In case you were wondering, using async/await instead of chaining .then behaves the same way. If we rewrote startPostgresContainer to use async/await, the bug would still be there:

const startPostgresContainer = async () =>
  await $`docker create --name ${containerName} ...`
    const postgresContainerProcess = $`docker start --attach ${containerName}`;

    await waitForContainerToBeReady();
    return postgresContainerProcess;
  });

The Promise returned from startPostgresContainer would resolve when postgresContainerProcess resolves. This means, startPostgresContainer would resolve after the container process finishes.

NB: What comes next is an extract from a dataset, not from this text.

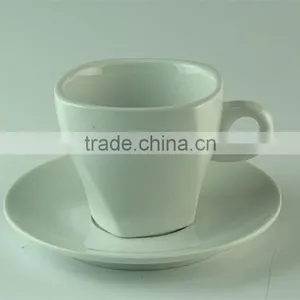 250ml Cheap White Ceramic Coffee Cup With Saucer thumbnail-1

Awaiting problems in JavaScript goes over this in more detail.

Monadic chaining

In functional programming terminology, I would characterize Promise as a slightly skewed monad. The overloaded then is the reason why it is slightly skewed.

Monads have 2 separate methods to transform them:

map(callback) which makes the outer monad contain whatever value the inner function returns. This is like then when the callback returns a regular value.
chain(callback) (also known as flatMap or bind) which requires that the callback returns a monad, and the outer monad becomes that inner monad. This is like then when the callback returns another Promise.

What is nice in having 2 separate methods is that the programmer gets to choose which one is needed at which point. Even if you decide to use the other one in the middle of the function, changing the name from one to the other is simple enough.

then does not let you choose - the behavior is chosen for you based on the value you return. If you want the map functionality and want to return a Promise, you are required to do workarounds.

If you are using fp-ts, you are in luck. Its Task module contains separate chain and map functions. If you are using regular Promises, you are stuck doing workarounds.

Conclusion

Promise then API was designed in a way that differs from the usual functional programming monad API. It offers more convenience in most cases, but makes more advanced cases require workarounds. I appreciate precision and I would love if the Promise API had 2 different methods for chain and map. I doubt the core API will change, though, so this thought will stay an unfulfilled dream.